Thermogravimetric analysis (TGA) was performed under a controlled N2 atmosphere using a Q500 thermoanalyzer equipment from TA Instruments (New Castle, DE, USA). The measurements were performed at a heating rate of 10 °C/min from room temperature to 700 °C.
Zinc contents were determined according to the standard AOAC method (2005) using a Varian AA280 atomic absorption spectrometer (Les Ulis, France). Each sample was heated at 550 °C and the ash boiled with 10 mL of 20% HCl in a beaker and then filtered into a 100 mL standard flask. All samples were analyzed in triplicate.
Scanning electron microscopy (SEM) was used to visualize the samples with a FEI Quanta™ 400 (Hillsboro, OR, USA) scanning electron microscope, at the acceleration voltage of 20 kV. The samples were vacuum-coated with gold before measurements.
The particle size distribution (PSD) of the samples was determined by laser diffraction, using the Masterisizer 2000 Malvern equipment (Malvern Instruments, Malvern, UK). The samples were dispersed in water on a Hydro 2000SM apparatus until the laser obscuration index reached 10–12%. The PSD values for the samples were determined in triplicate and were expressed as equivalent volume diameters at 10% (d10%), 50% (d50%) and 90% (d90%) of the cumulative volume, as the average of the diameter values (D4, 3) and Span. The Span values indicated the particle polydispersity, and were calculated according to Eq. (3).

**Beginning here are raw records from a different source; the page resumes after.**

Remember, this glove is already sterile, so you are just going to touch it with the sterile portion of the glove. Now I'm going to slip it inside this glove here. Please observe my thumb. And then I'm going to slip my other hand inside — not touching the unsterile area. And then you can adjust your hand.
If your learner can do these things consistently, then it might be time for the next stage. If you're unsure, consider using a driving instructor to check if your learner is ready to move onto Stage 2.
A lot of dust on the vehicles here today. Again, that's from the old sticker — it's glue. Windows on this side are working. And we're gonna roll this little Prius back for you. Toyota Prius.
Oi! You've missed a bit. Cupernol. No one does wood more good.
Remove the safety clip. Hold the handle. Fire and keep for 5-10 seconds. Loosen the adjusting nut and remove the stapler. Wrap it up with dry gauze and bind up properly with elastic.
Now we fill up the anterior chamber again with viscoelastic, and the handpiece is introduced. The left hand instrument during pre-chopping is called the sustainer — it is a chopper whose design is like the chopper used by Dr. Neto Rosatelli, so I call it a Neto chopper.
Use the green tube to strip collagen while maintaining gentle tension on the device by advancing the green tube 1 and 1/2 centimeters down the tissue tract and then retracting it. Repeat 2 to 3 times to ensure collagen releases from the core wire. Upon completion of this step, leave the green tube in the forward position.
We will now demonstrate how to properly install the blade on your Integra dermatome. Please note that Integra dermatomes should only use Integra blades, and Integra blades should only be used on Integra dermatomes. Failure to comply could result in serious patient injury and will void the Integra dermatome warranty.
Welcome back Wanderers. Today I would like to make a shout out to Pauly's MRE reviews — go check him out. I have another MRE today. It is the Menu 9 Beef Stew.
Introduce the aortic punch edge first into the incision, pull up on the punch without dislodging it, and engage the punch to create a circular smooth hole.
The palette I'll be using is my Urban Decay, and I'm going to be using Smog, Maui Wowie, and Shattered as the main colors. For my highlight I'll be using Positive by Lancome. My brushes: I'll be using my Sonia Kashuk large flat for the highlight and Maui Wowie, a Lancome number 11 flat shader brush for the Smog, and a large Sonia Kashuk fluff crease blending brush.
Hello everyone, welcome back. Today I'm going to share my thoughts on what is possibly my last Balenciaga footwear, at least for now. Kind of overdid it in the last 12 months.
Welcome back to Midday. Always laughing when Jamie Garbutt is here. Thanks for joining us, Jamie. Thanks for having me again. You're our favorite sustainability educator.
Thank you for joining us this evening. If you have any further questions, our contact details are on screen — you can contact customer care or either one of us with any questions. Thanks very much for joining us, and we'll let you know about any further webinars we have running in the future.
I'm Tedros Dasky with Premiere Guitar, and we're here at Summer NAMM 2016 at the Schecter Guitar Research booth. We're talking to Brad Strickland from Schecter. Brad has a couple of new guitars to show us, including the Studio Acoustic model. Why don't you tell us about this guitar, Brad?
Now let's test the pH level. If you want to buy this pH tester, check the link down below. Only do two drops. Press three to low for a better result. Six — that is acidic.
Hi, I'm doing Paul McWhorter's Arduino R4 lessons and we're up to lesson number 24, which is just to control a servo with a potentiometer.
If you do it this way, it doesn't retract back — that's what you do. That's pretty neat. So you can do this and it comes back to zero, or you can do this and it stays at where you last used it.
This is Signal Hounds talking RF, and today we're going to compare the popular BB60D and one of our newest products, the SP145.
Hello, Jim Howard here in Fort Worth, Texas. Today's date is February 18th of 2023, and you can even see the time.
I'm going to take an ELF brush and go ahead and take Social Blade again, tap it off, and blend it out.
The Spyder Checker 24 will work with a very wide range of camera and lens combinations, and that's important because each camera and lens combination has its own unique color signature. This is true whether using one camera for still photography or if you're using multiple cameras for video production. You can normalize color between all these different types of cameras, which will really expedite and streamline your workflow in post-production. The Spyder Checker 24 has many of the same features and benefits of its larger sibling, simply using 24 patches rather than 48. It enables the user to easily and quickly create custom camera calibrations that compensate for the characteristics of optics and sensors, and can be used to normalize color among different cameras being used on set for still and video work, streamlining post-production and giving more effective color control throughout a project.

$$ \mathrm{Span}={\mathrm{d}}_{90\%}-{\mathrm{d}}_{10\%}/{\mathrm{d}}_{50\%} $$
(3)
Bioactivity of ZnO complexes
Two solutions were prepared: simulated gastric juice solution (SGS) with 2 g of NaCl in 7 mL of HCl, with pH adjusted to 2.5, and simulated enteric juice solution (SES) using 6.8 g of KH2PO4 in 250 mL distilled water, adding 77 mL of 0.2 N NaOH at pH 6.8 and distilled water to complete the volume of 1 L for each [12].
The assays were performed in triplicate, in 250 mL beaker, using 175 mL of SGS or SES with 10 mg of each composite. This was added to 25 mL of the same solution into previously hydrated dialysis membranes (MEMBRA-CEL® dialysis tubing, MWCO 7000, 34 mm, 14 × 100 CLR). The systems were kept at 39 °C under gently magnetic stirring and the solutions (SGS or SES) and 15 mL aliquots were collected in different time intervals (0, 15, 30 and 45 min) and the solutions were replenished with the same volume. Aliquots were stored and submitted to AAS analysis to determine the amount of Zn 2+ released each time in the simulated media.
The minimum bacteriostatic concentration (MBC) evaluation of commercial ZnO, ZnO nano, ZnO/CAT and ZnO/CA samples was performed by the well diffusion method and by liquid growth-inhibition assay against Escherichia coli DH5α (strain 00379 INCQS-Fiocruz) and Staphylococcus aureus ATCC 6538 (INCQS-Fiocruz), Gram negative and Gram positive bacteria, respectively. The same assay was performed to investigate the antimicrobial activity of CH used in the formulation of the samples. The strains were grown in LB medium pH 7.0 (Luria-Bertani BD™) in an orbital shaker at 200 rpm, at 37 °C, for 24 h. The cellular density was adjusted in a saline solution (0.8% of NaCl) where the turbidity equivalent to McFarland 0.5 standard (1.5 × 108 CFU/mL) was used as an inoculum in the presence of the composites at increasing concentrations, at 37 °C for 18 h at 200 rpm. Subsequently, cells were serially diluted in saline solution (0.8% of NaCl), plated on solid LB, and incubated at 37 °C for 18 h. Colony-forming units were counted. The MBC was taken as the concentration at which 100% growth inhibition was observed.